## What to work on
Restate word for word the entries below, starting with the line with "Pack of 50 white" and continuing through the line with "Alimentator JoyRoom Wall". Include both of those lines and no others.

## Data for review
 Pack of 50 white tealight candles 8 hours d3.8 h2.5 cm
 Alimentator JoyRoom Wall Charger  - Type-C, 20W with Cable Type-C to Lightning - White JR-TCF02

--

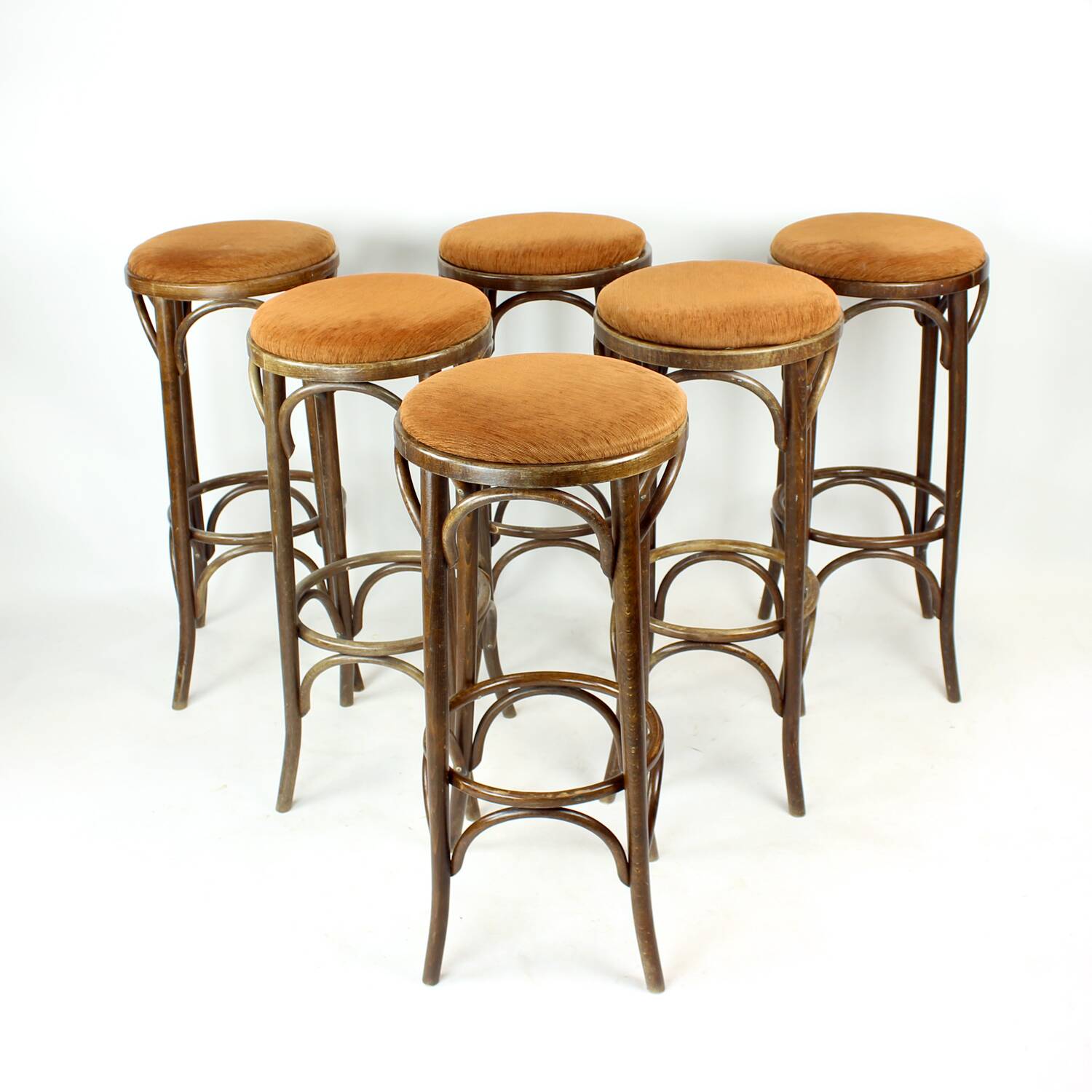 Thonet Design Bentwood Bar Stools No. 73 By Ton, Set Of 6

## Output for this exercise
 Pack of 50 white tealight candles 8 hours d3.8 h2.5 cm
 Alimentator JoyRoom Wall Charger  - Type-C, 20W with Cable Type-C to Lightning - White JR-TCF02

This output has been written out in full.